We are seeking a highly skilled Spark Engineer to design, build, and optimize large-scale data processing systems using Apache Spark. The ideal candidate will have deep expertise in distributed data processing, ETL pipelines, and performance tuning for high-volume data environments. You will collaborate with data scientists, analysts, and engineers to ensure scalable, reliable, and efficient data solutions.
Key Responsibilities:
- Design, develop, and maintain big data solutions using Apache Spark (Batch and Streaming).
- Build data pipelines for processing structured, semi-structured, and unstructured data from multiple sources.
- Optimize Spark jobs for performance and scalability across large datasets.
- Integrate Spark with various data storage systems (HDFS, S3, Hive, Cassandra, etc.).
- Collaborate with data scientists and analysts to deliver robust data solutions for analytics and machine learning.
- Implement data quality checks, monitoring, and alerting for Spark-based workflows.
- Ensure security and compliance of data processing systems.
- Troubleshoot and resolve data pipeline and Spark job issues in production environments.
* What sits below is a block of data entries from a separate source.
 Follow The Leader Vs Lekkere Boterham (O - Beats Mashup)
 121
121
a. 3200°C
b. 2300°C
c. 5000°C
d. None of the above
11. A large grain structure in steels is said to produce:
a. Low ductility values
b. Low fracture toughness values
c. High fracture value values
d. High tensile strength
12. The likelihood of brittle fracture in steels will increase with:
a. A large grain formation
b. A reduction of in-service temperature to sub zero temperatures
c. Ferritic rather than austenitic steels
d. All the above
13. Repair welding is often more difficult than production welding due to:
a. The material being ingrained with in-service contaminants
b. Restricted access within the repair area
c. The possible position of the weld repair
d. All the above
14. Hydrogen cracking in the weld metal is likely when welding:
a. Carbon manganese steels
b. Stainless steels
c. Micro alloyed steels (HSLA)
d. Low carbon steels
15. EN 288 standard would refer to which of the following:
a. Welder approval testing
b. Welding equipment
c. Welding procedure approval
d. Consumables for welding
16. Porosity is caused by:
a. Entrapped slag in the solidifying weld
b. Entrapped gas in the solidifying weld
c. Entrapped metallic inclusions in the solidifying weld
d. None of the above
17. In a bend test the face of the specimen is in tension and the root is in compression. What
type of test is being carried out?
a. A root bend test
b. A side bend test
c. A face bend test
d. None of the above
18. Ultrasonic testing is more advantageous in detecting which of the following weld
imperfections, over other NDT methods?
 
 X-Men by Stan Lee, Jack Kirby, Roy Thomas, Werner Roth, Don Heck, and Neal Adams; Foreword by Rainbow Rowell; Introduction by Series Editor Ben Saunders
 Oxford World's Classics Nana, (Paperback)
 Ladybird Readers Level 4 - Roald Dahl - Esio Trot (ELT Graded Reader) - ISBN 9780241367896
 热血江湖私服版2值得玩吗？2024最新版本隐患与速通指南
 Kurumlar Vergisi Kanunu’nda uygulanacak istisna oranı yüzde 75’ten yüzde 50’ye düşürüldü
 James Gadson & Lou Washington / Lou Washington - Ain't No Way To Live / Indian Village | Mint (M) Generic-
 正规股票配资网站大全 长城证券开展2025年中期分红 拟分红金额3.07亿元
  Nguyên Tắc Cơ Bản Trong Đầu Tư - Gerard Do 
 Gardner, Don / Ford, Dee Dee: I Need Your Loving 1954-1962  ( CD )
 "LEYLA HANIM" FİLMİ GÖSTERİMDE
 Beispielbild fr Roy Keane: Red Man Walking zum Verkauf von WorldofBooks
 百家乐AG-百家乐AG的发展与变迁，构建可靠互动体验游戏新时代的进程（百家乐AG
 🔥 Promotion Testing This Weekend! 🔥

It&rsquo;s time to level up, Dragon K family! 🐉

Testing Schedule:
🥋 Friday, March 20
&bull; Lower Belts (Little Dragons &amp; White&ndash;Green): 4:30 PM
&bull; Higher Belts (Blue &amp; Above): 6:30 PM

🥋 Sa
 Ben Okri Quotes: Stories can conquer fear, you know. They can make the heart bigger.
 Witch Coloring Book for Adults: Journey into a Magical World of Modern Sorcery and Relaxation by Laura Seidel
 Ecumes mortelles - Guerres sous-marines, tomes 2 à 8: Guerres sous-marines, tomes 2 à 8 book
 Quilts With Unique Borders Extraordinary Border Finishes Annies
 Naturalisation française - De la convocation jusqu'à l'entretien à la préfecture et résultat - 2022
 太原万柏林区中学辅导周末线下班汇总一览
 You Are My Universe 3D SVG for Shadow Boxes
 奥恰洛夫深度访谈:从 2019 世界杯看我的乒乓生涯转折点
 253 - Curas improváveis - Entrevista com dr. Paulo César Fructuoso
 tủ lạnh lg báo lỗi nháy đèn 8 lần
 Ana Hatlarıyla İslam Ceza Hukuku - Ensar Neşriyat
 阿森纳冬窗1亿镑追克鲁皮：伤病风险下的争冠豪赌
Required Skills & Qualifications
- Bachelor's degree in Computer Science, Engineering, or related field (Master's preferred).
- 3+ years of hands-on experience with Apache Spark (Core, SQL, Streaming).
- Strong programming skills in Scala, Java, or Python (PySpark).
- Solid understanding of distributed computing concepts and big data ecosystems (Hadoop, YARN, HDFS).
- Experience with data serialization formats (Parquet, ORC, Avro).
- Familiarity with data lake and cloud environments (AWS EMR, Databricks, GCP DataProc, or Azure Synapse).
- Knowledge of SQL and experience with data warehouses (Snowflake, Redshift, BigQuery is a plus).
- Strong background in performance tuning and Spark job optimization.
- Experience with CI/CD pipelines and version control (Git).
- Familiarity with containerization (Docker, Kubernetes) is an advantage.
This is a 12-month contract appointment, with the potential for extension or conversion to a permanent position subject to performance and business needs.